Justiça nega habeas corpus a advogado e professor de Direito suspeito de crimes sexuais no RS

Justiça nega habeas corpus a advogado e professor de Direito suspeito de crimes sexuais no RS

A Justiça do Rio Grande do Sul indeferiu o pedido liminar de habeas corpus para o advogado e professor de Direito Conrado Paulino da Rosa, preso na manhã do dia 26 de setembro, por suspeita de crimes sexuais e violência psicológica contra mulheres em Porto Alegre. A decisão, da desembargadora Naele Ochoa Piazzeta, da 8ª Câmara Criminal do Tribunal de Justiça do Rio Grande do Sul (TJ-RS), mantém a prisão temporária do investigado.

A defesa de Conrado Paulino da Rosa entrou com o pedido de habeas corpus no mesmo dia da prisão. O caso, após manifestação do Ministério Público, deve ser julgado pelos demais desembargadores da 8ª Câmara Criminal.

A investigação da Polícia Civil, que apura casos entre 2013 e 2025, conta com relatos de pelo menos 13 mulheres que registraram ocorrência e prestaram depoimento.

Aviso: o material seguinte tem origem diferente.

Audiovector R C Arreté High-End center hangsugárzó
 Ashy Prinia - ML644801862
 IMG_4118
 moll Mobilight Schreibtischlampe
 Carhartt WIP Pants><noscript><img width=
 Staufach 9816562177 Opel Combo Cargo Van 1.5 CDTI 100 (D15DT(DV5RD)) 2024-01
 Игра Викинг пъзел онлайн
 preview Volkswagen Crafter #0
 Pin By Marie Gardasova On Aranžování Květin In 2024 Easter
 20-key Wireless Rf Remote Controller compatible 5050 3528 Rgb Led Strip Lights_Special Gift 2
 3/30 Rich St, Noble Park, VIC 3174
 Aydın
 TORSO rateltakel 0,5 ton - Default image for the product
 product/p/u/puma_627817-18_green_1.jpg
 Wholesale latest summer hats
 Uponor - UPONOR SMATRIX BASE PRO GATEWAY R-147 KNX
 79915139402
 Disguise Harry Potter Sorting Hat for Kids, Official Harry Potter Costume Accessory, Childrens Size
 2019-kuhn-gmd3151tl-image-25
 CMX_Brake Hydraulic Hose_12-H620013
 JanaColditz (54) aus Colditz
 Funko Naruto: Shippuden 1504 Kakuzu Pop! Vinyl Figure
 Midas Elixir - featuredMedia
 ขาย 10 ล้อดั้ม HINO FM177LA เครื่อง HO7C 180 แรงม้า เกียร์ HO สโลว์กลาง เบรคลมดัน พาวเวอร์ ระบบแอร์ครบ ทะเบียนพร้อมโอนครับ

Devido à natureza dos crimes, detalhes não são divulgados, mas as vítimas passarão por perícia psicológica. Os relatos incluem estupros, agressões durante relações sexuais e violência psicológica.

A prisão ocorreu após a Justiça já ter imposto medidas cautelares contra o professor, como monitoramento eletrônico, proibição de contato com vítimas e testemunhas, retenção de passaporte e restrição de circulação.

NOTAS DAS PARTES E DA FMP

O advogado, em nota, afirmou que confia na apuração dos fatos e na Justiça, e que a investigação não equivale a uma condenação. Ele ressaltou a presunção de inocência e repudiou "qualquer forma de violência contra a mulher".

A advogada das vítimas, por sua vez, manifestou respeito ao trabalho das autoridades, afirmando que a prisão foi uma resposta adequada e que as vítimas, que tiveram a coragem de denunciar, agora sentem um alívio.

A Fundação Escola Superior do Ministério Público (FMP), onde o professor lecionava, informou que ele foi desligado do corpo docente, em uma decisão administrativa que não faz "juízo antecipado" sobre o caso, mas reforça seu compromisso "com a ética, a transparência e, sobretudo, com a promoção de um ambiente acadêmico seguro".

NOTA DA OAB-RS

"A OAB/RS tomou conhecimento pela imprensa na manhã desta sexta-feira, dia 19/9, de fatos gravíssimos envolvendo advogado gaúcho acusado da prática de crimes contra mulheres.

A Diretoria da Entidade decidiu abrir, de ofício, processo ético-disciplinar no Tribunal de Ética e Disciplina para apuração dos fatos e responsabilização, se comprovadas as alegações, assim como análise de eventual suspensão preventiva, garantido o contraditório, a ampla defesa e o devido processo legal.

A OAB remeteu ofício à delegacia responsável pela investigação solicitando cópia do inquérito policial a fim de instruir o processo instaurado no âmbito da Entidade e também para que seja avaliada a possibilidade de serem tomadas outras medidas após a análise do material constante do inquérito.

A Ordem manifesta profunda preocupação com os fatos, reitera seu compromisso de atuar contra qualquer espécie de violência e reafirma a garantia, a qualquer acusado, do devido processo legal."